Distributed crawler? Crawlers are software programs used by search engines to roam the web to discover pages that are then downloaded and indexed for searching. The crawlers operated by the major search engines are highly centralized, operating out of massive data centers, and are capable of finding and downloading millions of pages per minute.
Grub, by contrast, taps into the spare power of thousands of personal computers connected to the internet. Volunteers download the Grub client, and then allow it to operate as a background process on their computers—even as a screensaver. While each individual Grub client is a mite compared to a search engine crawler, the collective power of thousands of Grub clients working in tandem can be impressive. “We’re hoping to get lots of people involved to help us crawl the web,” said Jimmy Wales, co-founder and chairman, Wikia, Inc.

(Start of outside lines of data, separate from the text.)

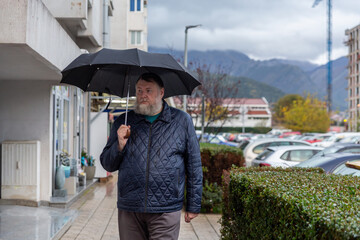 Man walking with umbrella along residential street during rain, calm urban lifestyle and weather concept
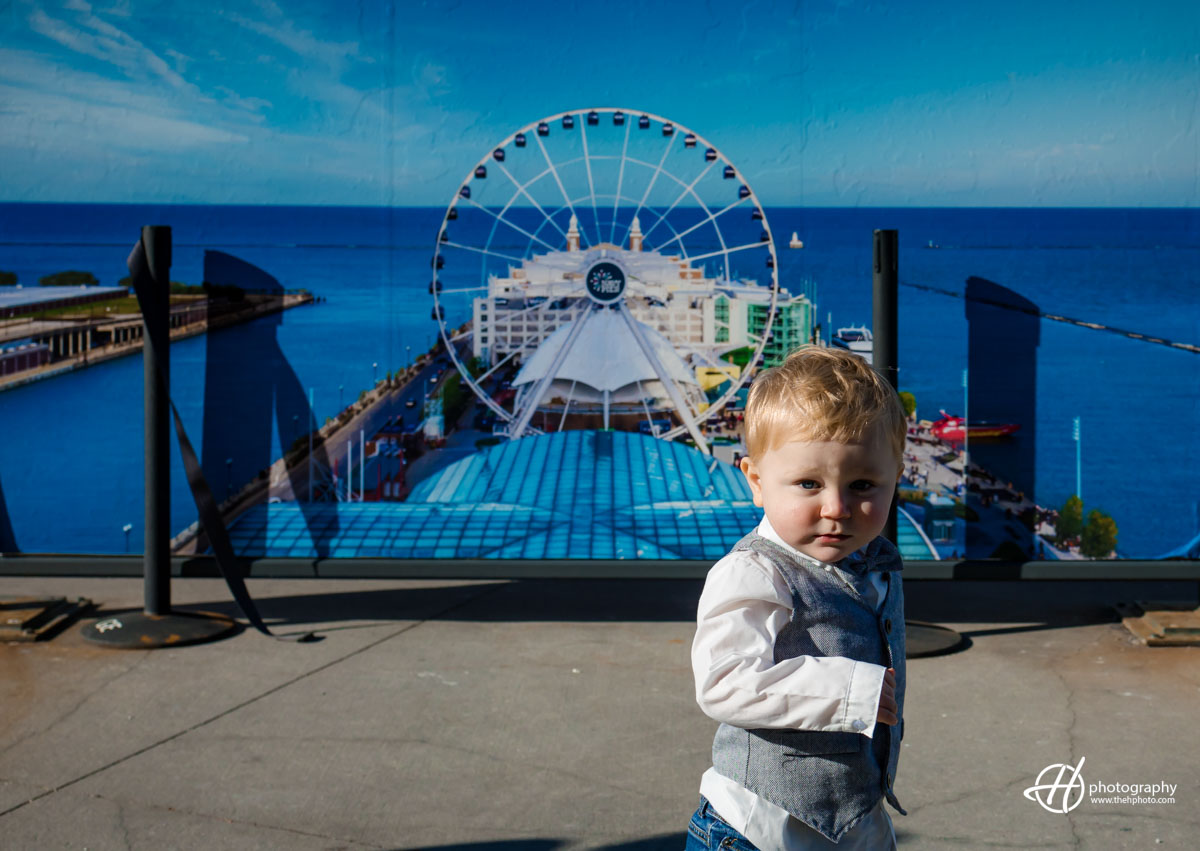 Cherished family moment: A heartwarming scene unfolds as Sara and Todd cradle their adorable baby against the stunning backdrop of Navy Pier. The Chicago skyline, framed by the iconic Navy Pier arch, adds a touch of urban charm to this precious family portrait.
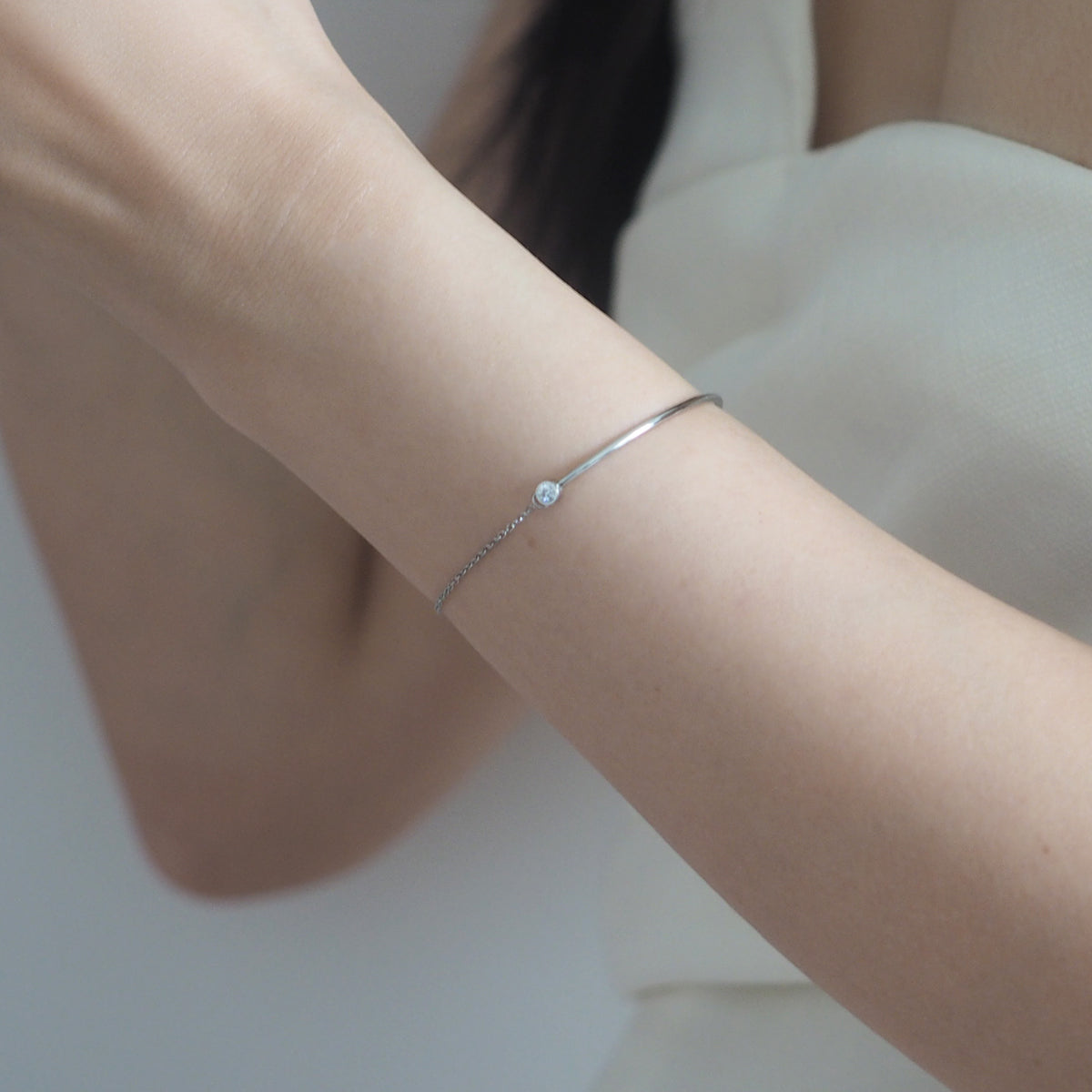 Elegant gold-plated Vera Zirconia Bracelet with a shimmering diamond, worn by a stylish woman.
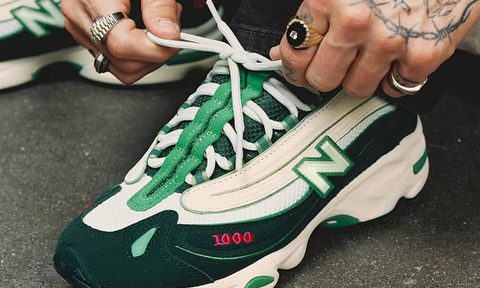 man tying new balance cncpts sneaker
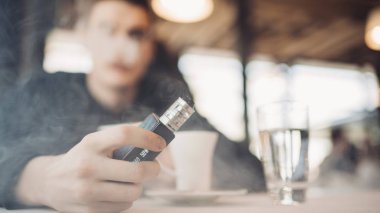 Using electronic cigarette to smoke in public places.Smoke restriction,smoking ban.Using vaping device with flavoured liquid.E-juice vaping new technology.Give up tobacco.Smoking habit,nicotine addict clipart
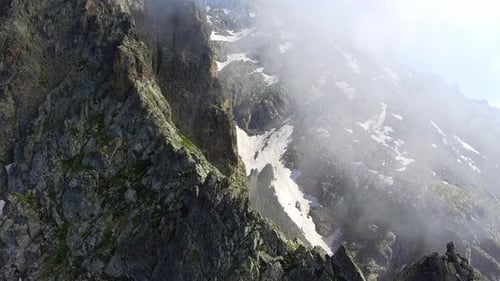 Flight Over Sharp Rocky Mountain Ridge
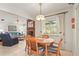 Cozy dining area adjacent to living room, featuring tile floors and natural light at 1354 Lucaya Ave, Venice, FL 34285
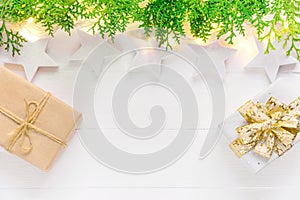Beautiful elegant Christmas New Year background. White stars sparkling golden lights garland green juniper gift boxes on wood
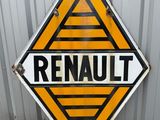 an orange and black sign sitting on the side of a building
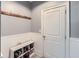 Mud room features a shoe rack, coat hooks, wainscoting, and a door leading to the exterior at 5445 Whisper Ct, Cumming, GA 30028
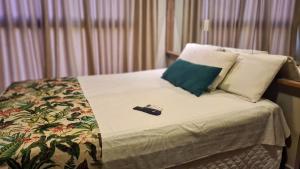 Una cama o camas en una habitación de Uno Flats - By EasyHost 13 fotos más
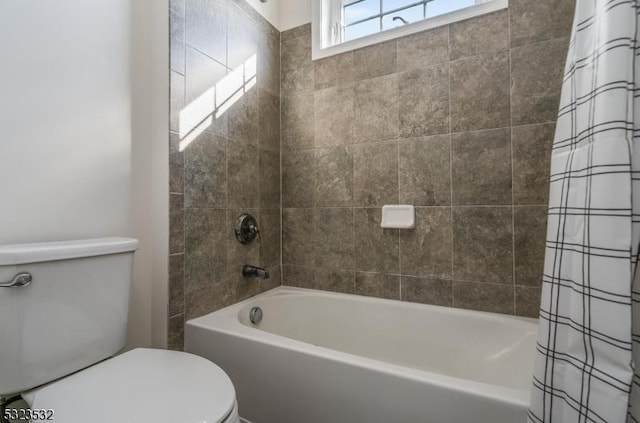 full bathroom with toilet and shower / tub combo with curtain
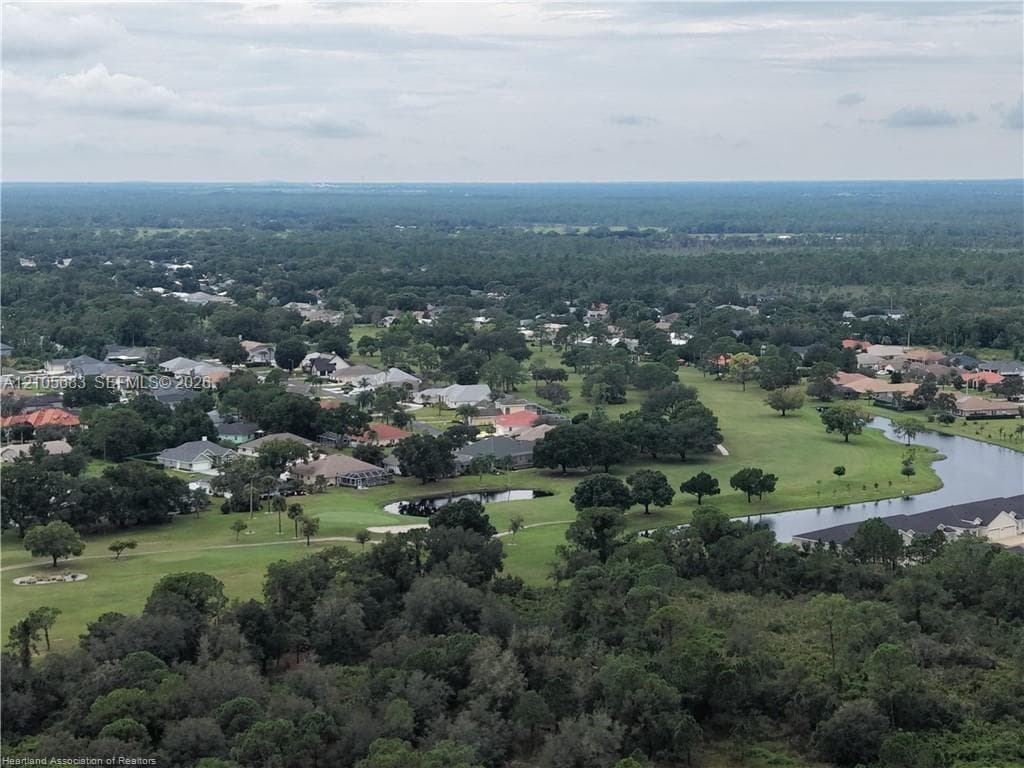 Aerial perspective of a sprawling landscape featuring expansive green terrain, mature tree groupings, and integrated water features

Wikia acquired Grub as part of its plan to build a “transparent and open platform for search,” according to Wales. Wikia is has transformed Grub into an open source project, allowing developers to add or extend the functionality of the software. Wales called it “the next step” in Wikia’s efforts to build a better search engine. Danny did an interesting Q&A With Jimmy Wales On Search Wikia where they discussed the details of that project.
I played around with Grub for a few weeks back in 2003, right after LookSmart acquired the technology. It’s fascinating to watch a crawler in action, fetching page after page from all over the web. It’s also an eye-opener, revealing the amazing variety of content on the web, from great sites you’ve never heard of to obviously spammy garbage.
I asked Wales about the spam problem, and he said that it wasn’t a concern at this point. To maximize efficiency and eliminate redundancy, there’s a “master crawl” list that’s broken up into small chunks that are sent to each client. Once a client has crawled a group of URLs, it gets another list, and so on. Wales said that at least initially, that master list would be made up of well-known, “whitelisted” sites.
Want to help Wikia crawl the web? Download the Grub client. You can run it either as your default screensaver, or as a background process. Currently available for Windows only—from the download page: “Ozra is pretty sure the Linux client isn’t going to work at all. We need to get it ported to Linux as soon as possible…”
Postscript: I’m not sure the Windows client is working either. It took me three tries to download—the first two attempts only downloaded fragments of the program that Windows couldn’t figure out how to open. Then, the client kept attempting to contact the host server to get an initial list of URLs to crawl, only to fail repeatedly. Let’s hope the open source community is motivated to start work asap!